Future Cinema

Course Site for Future Cinema 1 (and sometimes Future Cinema 2: Applied Theory) at York University, Canada

Finding your place in the “Space Between…”

Klein’s chapter addresses the way in which the vastness of the novel might be approached and redesigned by interfacing with the software model of the database. In the discussion of his own ‘database novel’ Imaginary Twentieth Century, Klein describes his employment of the computer interface less as a tool (or medium), and more as a form of architecture that enables and bolsters the narrative through an accretive process.  Klein supplies his reader with the tools necessary for database novels; those being: new points of origin (the book as Renaissance computer), the aperture, bleeds, the space between, wormholes, streaming/gliding, and the picaresque. Klein constructs a lattice from these tools: a structure that he assures the reader is more valuable because of its gaps than the interweaving data-rich strands. Gaps, absences, apertures, space; words that Klein uses to draw the reader’s attention to the incomplete structure of the database novel. Moreover, they are words that are used to describe the altered role of reader, who must develop new techniques in order to navigate through narratives abound with mental leaps and sutures.

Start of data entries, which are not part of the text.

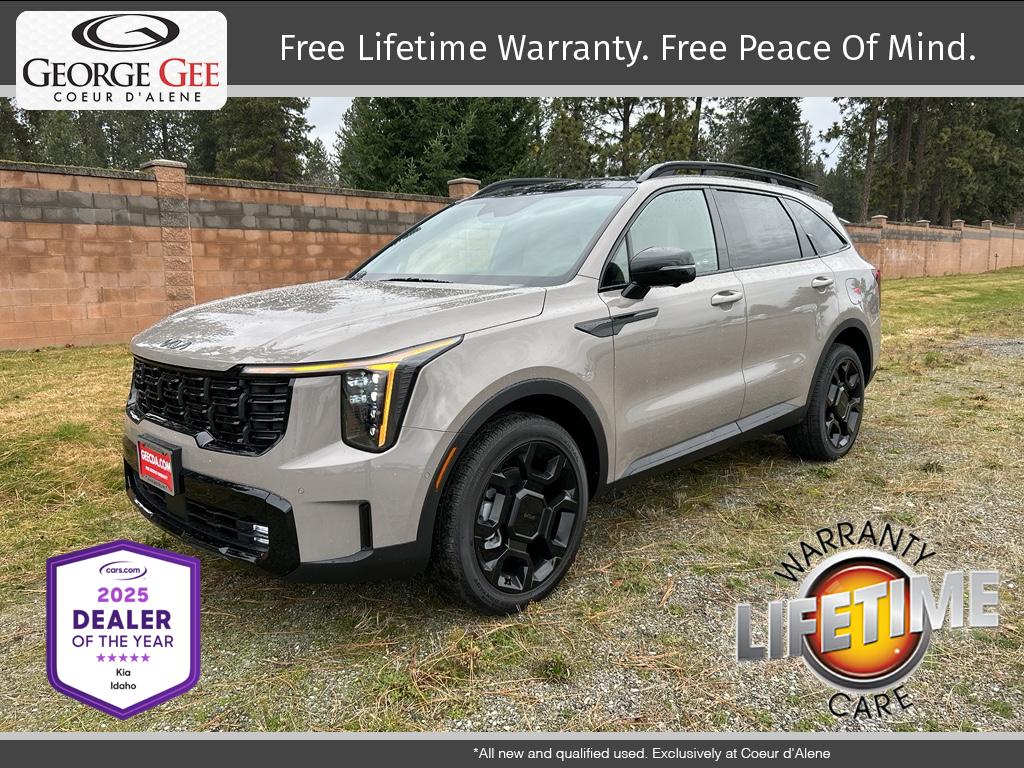 2026 Kia Sorento X-Line SX Prestige's photo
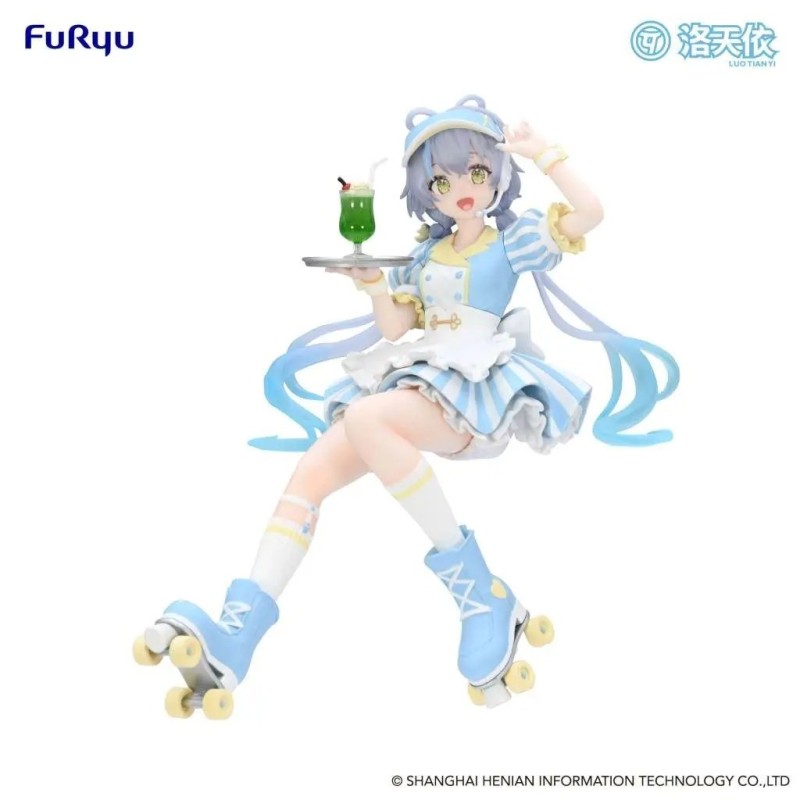 Luo Tian Yi V Singer Waitress Noodle Stopper Fig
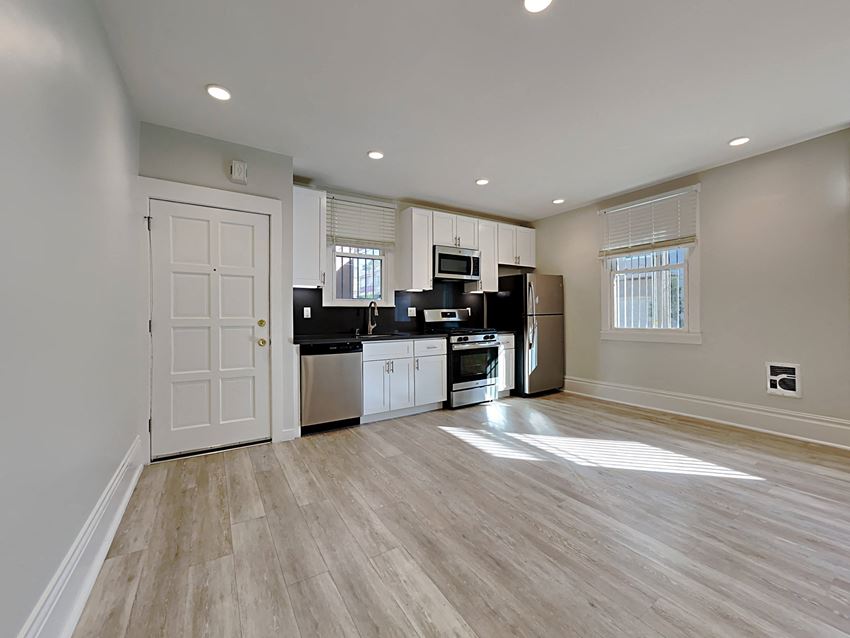 1964-72 Filbert St. Studio-2 Beds Apartment for Rent - Photo Gallery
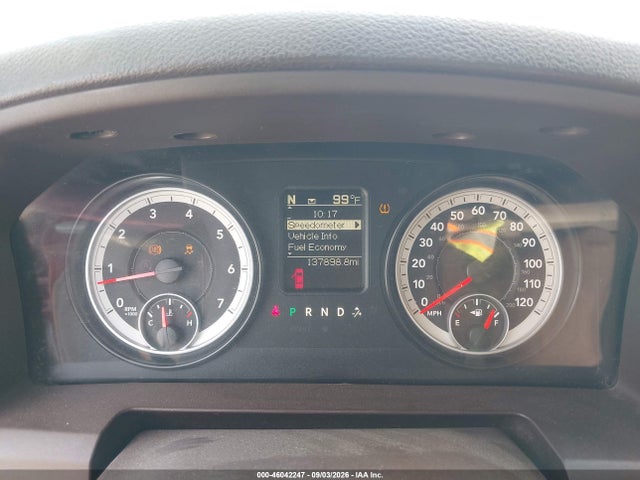 Продажа на аукционе авто 2014 Ram 1500 Big Horn, vin: 1C6RR7GG2ES146198, номер лота: 46042247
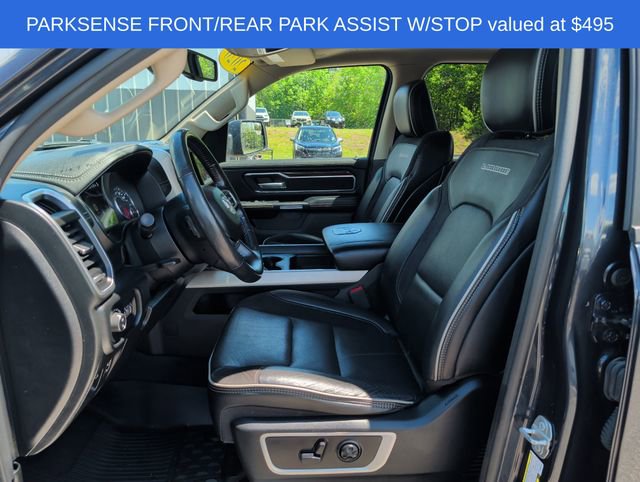 Used 2020 RAM 1500 Laramie AWD/4WD image 14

Klein proposes that the computer’s interface generates gaps that force substitutions so vivid that the viewer literally enters the space that moves the story along. From this perspective, gaps in the interface allow the viewer/reader/user to mentally set the speed, determine the rhythm, enter the shocks, etc. In this way, the reader becomes repositioned as maker and/or engineer; encouraged to negotiate and navigate amongst the gaps and shortcuts inside the interface. Thus, by Klein’s endeavor to extend the novel across different platforms, he is ultimately expanding the definition of media and consequently processes of consumption.

The questions I would like to pose in response to Klein’s article are:

1)    How does the “instaniety” of information afforded by contemporary technologies affect the tripartite relation between viewer, narrative and program in digital media storytelling?

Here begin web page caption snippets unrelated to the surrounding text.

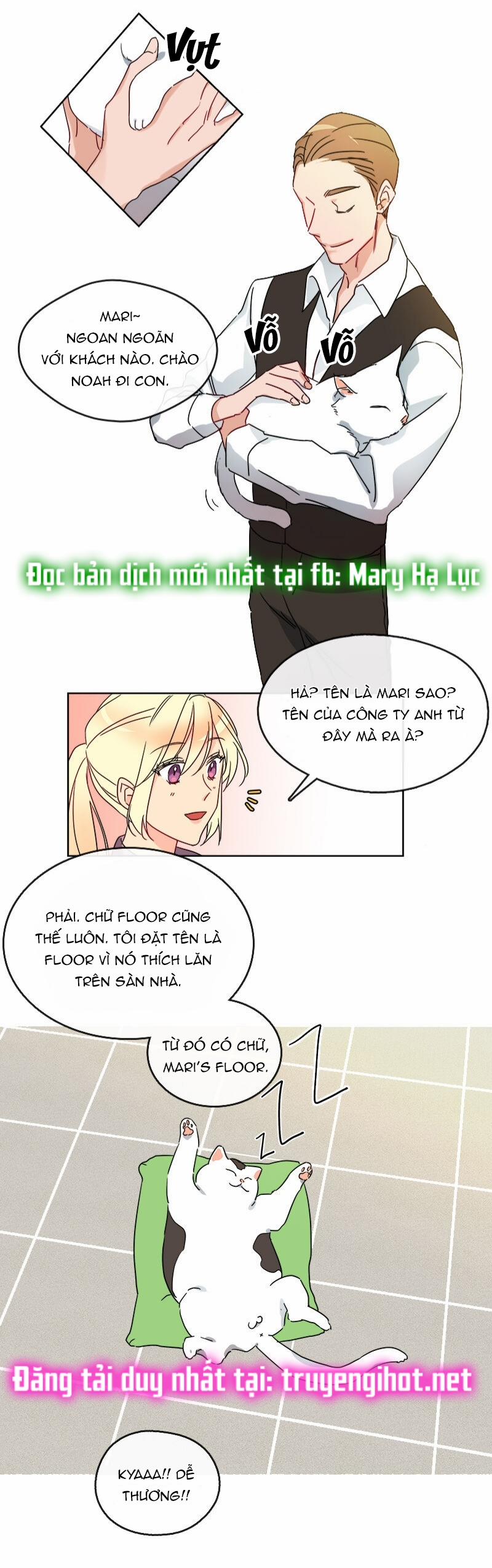 Tình Yêu Thuần Khiết 16.3 trang 6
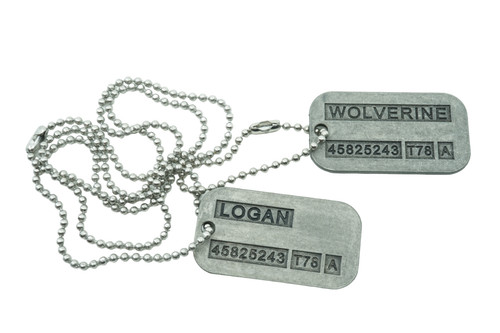 Wolverine logan men vintage - wolverine,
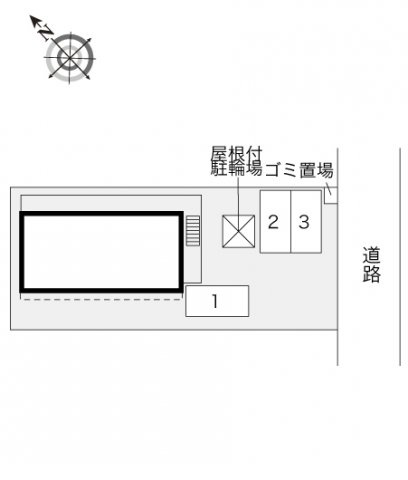 レオパレスボナール下柳のその他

2)    In Klein’s discussion of apertures in storytelling, he asserts that “if the gap is too wide, no mental leap can bridge it”. Can we think of the ways in which mediums control the distance of their authored apertures?

Nick

Tue, February 5 2013 » futurecinema2_2012

One Response

  1. Radojka February 7 2013 @ 1:07 am

    To answer your second question – I don’t think there is a way of creating a measure for the aperture by the will of ‘creators’. In regards to storytelling, there is hardly a way in which a storyteller can decide how big a gap he will leave for the audience to cover. Especially in regards to interactive storytelling, where the role of the spectator is suppose to be amplified, there is hardly a way, or need, to create a definitive boundary of the aperture, because the whole point of the aperture is to provide the spectator with the means of creating content the way he likes it. If we follow that rule, we conclude that the spectator (I am referring again to the present day interactive spectator, mainly) determines the nature and measure of the aperture itself. The only way the creator of the original content can manipulate the aperture is to let it emerge on its own (which is bound to happen in any text), the rest is up to each of the spectators to restructure, re-imagine and create.